Thursday 17 June 2010, 20:28
I remember the day my father died. I was suddenly aware that there was no ceiling above me, just the heavens, and I realised that I too would someday die.
Not the cheeriest start to your Father's Day reading and it gets bleaker before (I promise) some sunshine. I then had to go to Germany to sort out a flat that my father kept in the small north Schleswig Holstein town where we grew up. I dreaded going.
But it was there between the tears that I began to feel better. Because, perhaps for the first time, I began see the father that this man really was. He had kept every payslip, every school report, every photo of his life and the lives of his family.
I saw that this detached, quite difficult and certainly non-hugging man was every bit a loving, concerned and conscientious father who had seen as paramount in his life the task of dutiful father.Over the next three weeks BBC Four is running a Fatherhood season celebrating fathers and the concept of fatherhood.
BBC Four prides itself on attaching a new lens to familiar subject matter and stimulating viewers to reconsider that world through a different prism. Call it intelligent television entertainment.
So this season highlights the story of a revolution that hasn't been celebrated enough. But it also recalibrates the story of fathers in what might seem a rather counter-intuitive way.
Contrary to popular myth fathers have always been involved, interested and caring about their families.
What attracted me to creating the season is how the 20th century has seen enormous changes in family life, the role of parents, the role of women and so forth - including my one (I am divorced and a single father).
But it has also seen an extraordinary change in the role of fathers. Or at least that's what you'd think reading the avalanche of magazine articles and opinion pieces that take a view on useless dads, absent dads and, more recently, new dads.
Judging by some newspaper yardsticks dads are either too stupid to tie their own shoelaces or too awful to be let near children. Sometimes both.

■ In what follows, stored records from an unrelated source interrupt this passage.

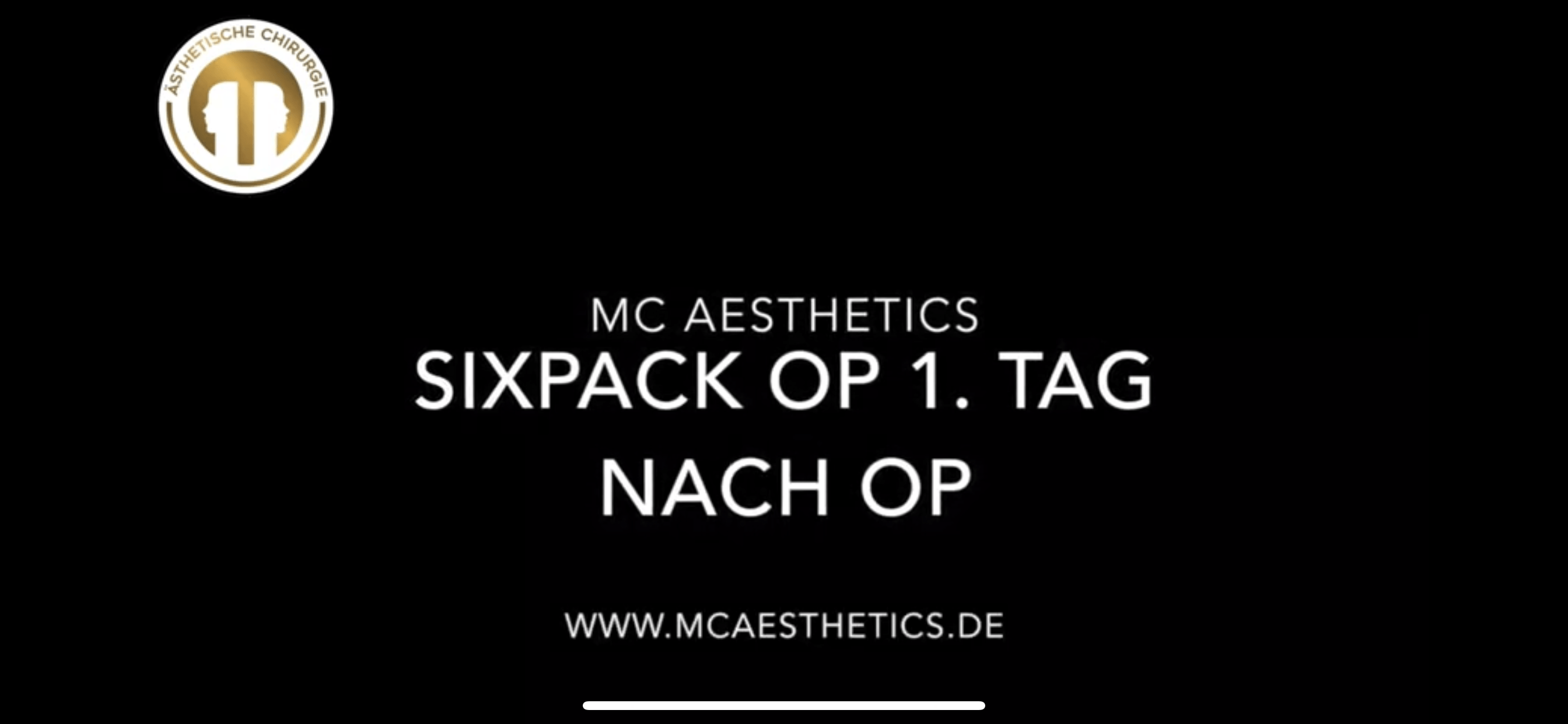 Sixpack Op vorher nachher Ergebnis Mc Aesthetics in Köln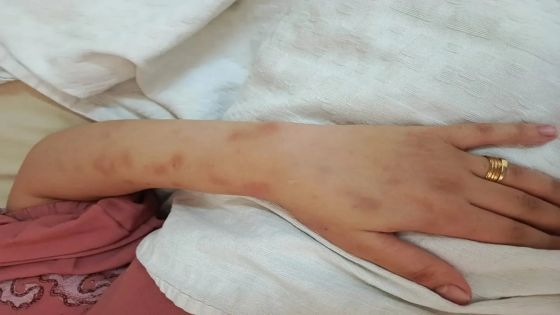 وفاة أردنية إثر تعرضها للتعذيب والضرب على يد زوجها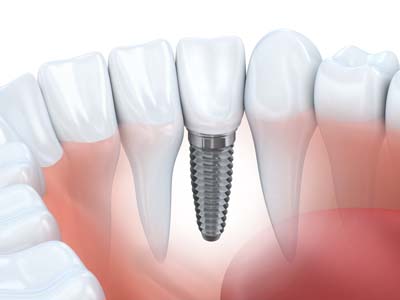 How Dental Implants Are Placed In The Jawbone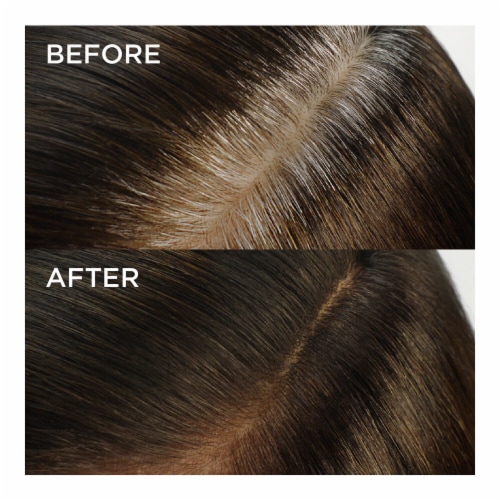 L'Oreal Paris Magic Root Rescue Root Coloring Kit Permanent 5A Medium Ash Brown Perspective: right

Countering this view of cruel idiocy is also a sense that the modern father has finally come home, got in touch with his inner self and embraced his family, ending up walking off in the sunset, children in his arms, possibly weeping gently with the emotion of it all, but at long last a part of the family - and now no longer the ogre, the distance, cold authority figure that we all know is what they used to be before we discovered, wait for it, ourselves.
But according to producer Steve Humphries in his heartwarming three-part documentary series A Century of Fatherhood, that view is simply wrong. Fathers were always close to their families when they could be.
They were always striving to provide the best they could for their children. And they were approachable, generous men who were much loved - not feared - by their sons and daughters.
And perhaps the most radical idea Humphries proposes is that the cold detached Edwardian father is a myth, that fathers then were as committed to their duties as fathers as any other generation and that they created loving and warm close personal attachments to their children.
Professor Joanna Burke comments in the programme: "The image we have of fathers in the past is absolutely, totally wrong. If you actually look at dads in the past the vast majority are loving, warm fathers."
Dr Julie-Marie Strange adds: "In Edwardian Britain we think very much of fathers being absent from family life - and they're absent because they're in work being providers."
It turns out that the First World War, the pernicious propaganda of the temperance movement and some rather traumatised upper class writers have portrayed fathers in a way that isn't wholly accurate.
Either fathers were away because they had to be - work, there was a war on and a nationhood to be saved; or else it simply suited some to portray men - especially those unwashed working classes - as feckless swine drinking away their children's very bread and butter.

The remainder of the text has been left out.